### Task objective
Find the line below with "Découvrez la sérénité" and the line with "Permanent Deputy Prime". Output them and the lines between, exactly, but not the pictures.

### Material for the task
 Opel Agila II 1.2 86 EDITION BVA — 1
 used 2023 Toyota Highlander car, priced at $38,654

==

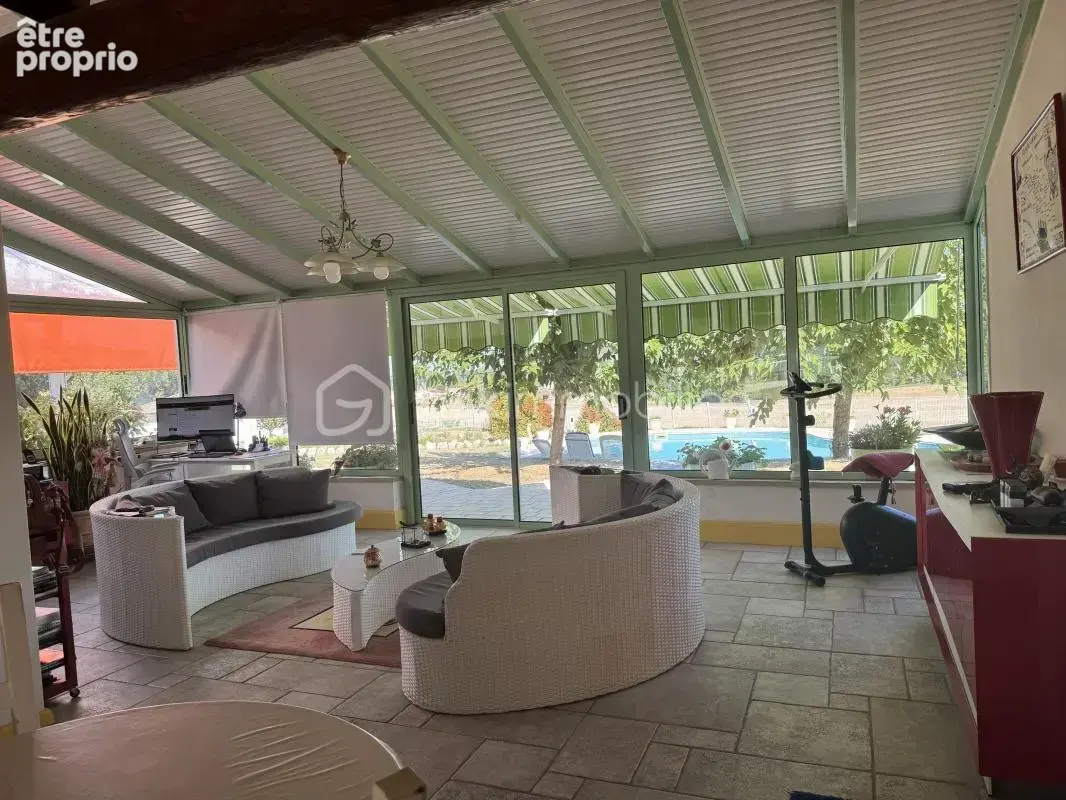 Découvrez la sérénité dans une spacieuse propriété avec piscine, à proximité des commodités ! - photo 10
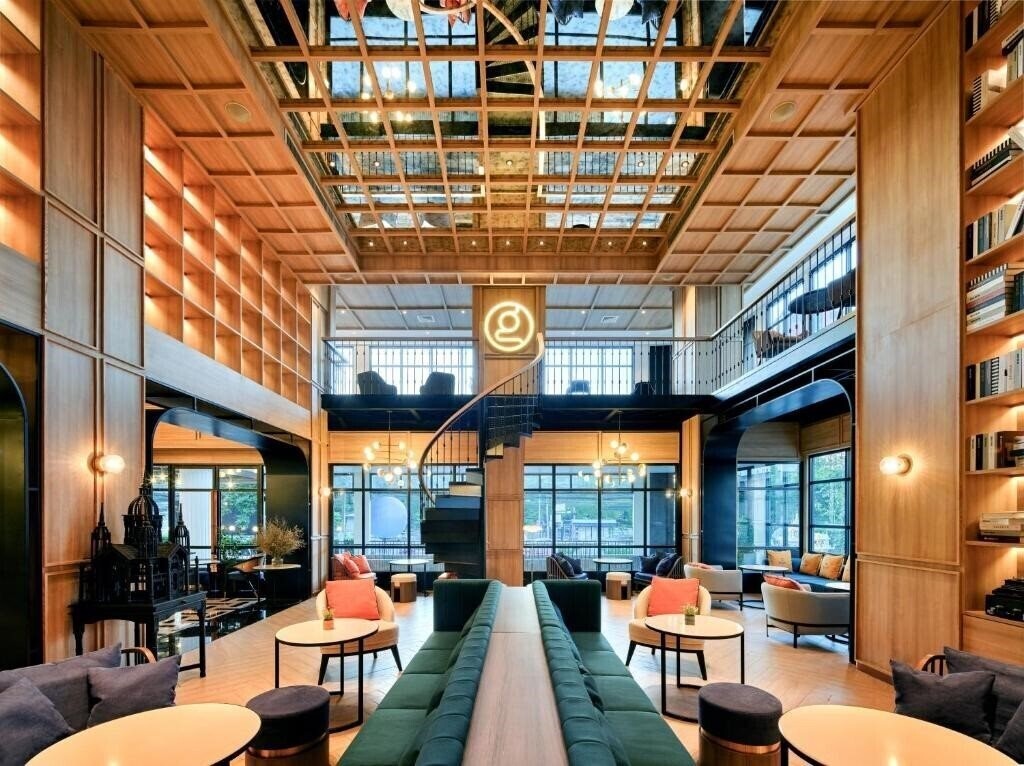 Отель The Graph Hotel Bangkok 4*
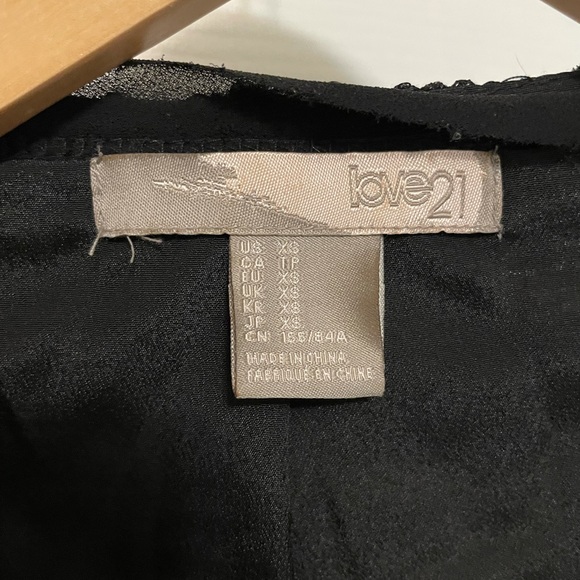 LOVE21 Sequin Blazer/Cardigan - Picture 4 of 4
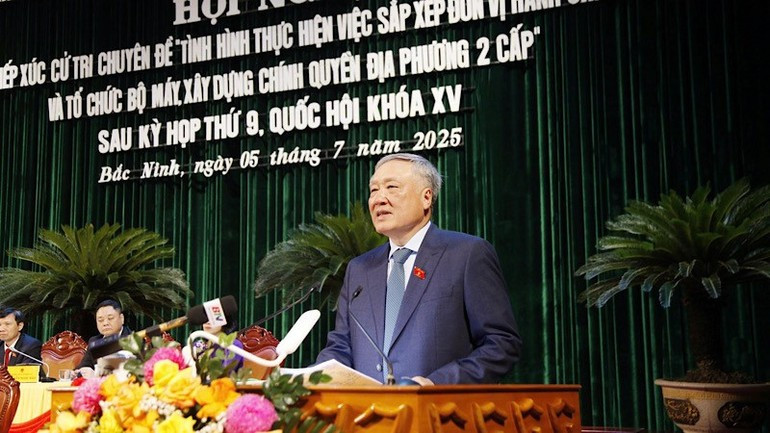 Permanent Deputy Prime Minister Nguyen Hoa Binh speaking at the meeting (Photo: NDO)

...

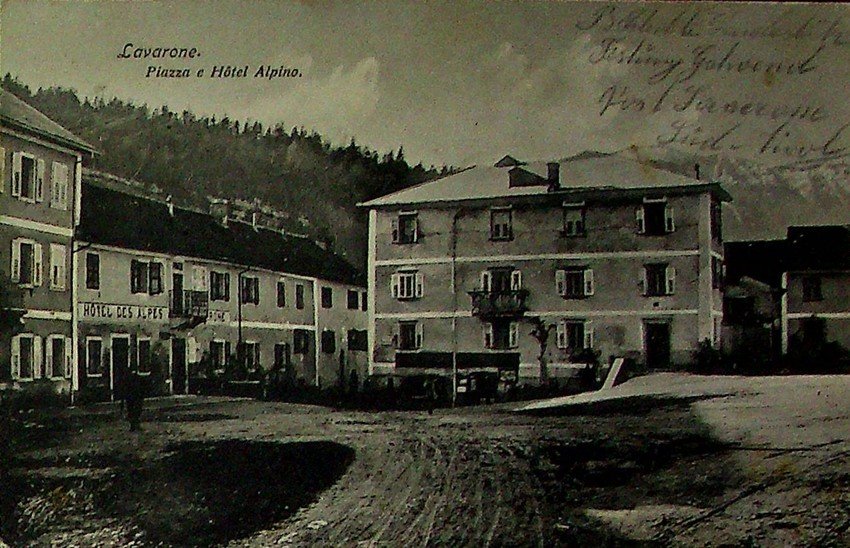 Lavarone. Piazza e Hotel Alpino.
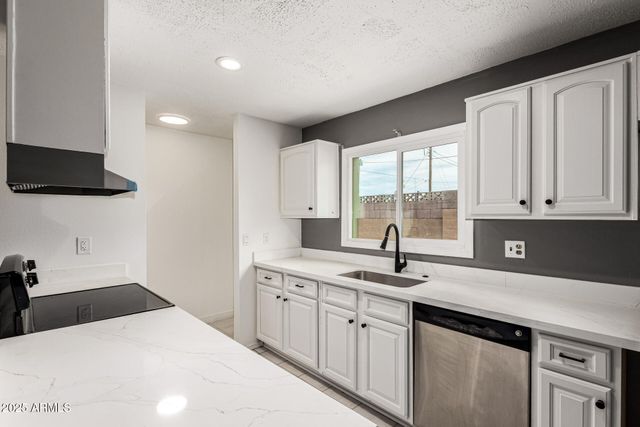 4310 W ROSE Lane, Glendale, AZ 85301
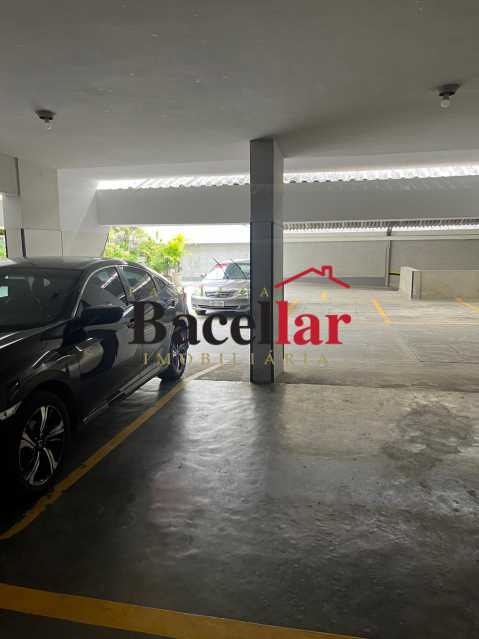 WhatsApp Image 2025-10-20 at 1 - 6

### Output for this task
 Découvrez la sérénité dans une spacieuse propriété avec piscine, à proximité des commodités ! - photo 10
 Отель The Graph Hotel Bangkok 4*
 LOVE21 Sequin Blazer/Cardigan - Picture 4 of 4
 Permanent Deputy Prime Minister Nguyen Hoa Binh speaking at the meeting (Photo: NDO)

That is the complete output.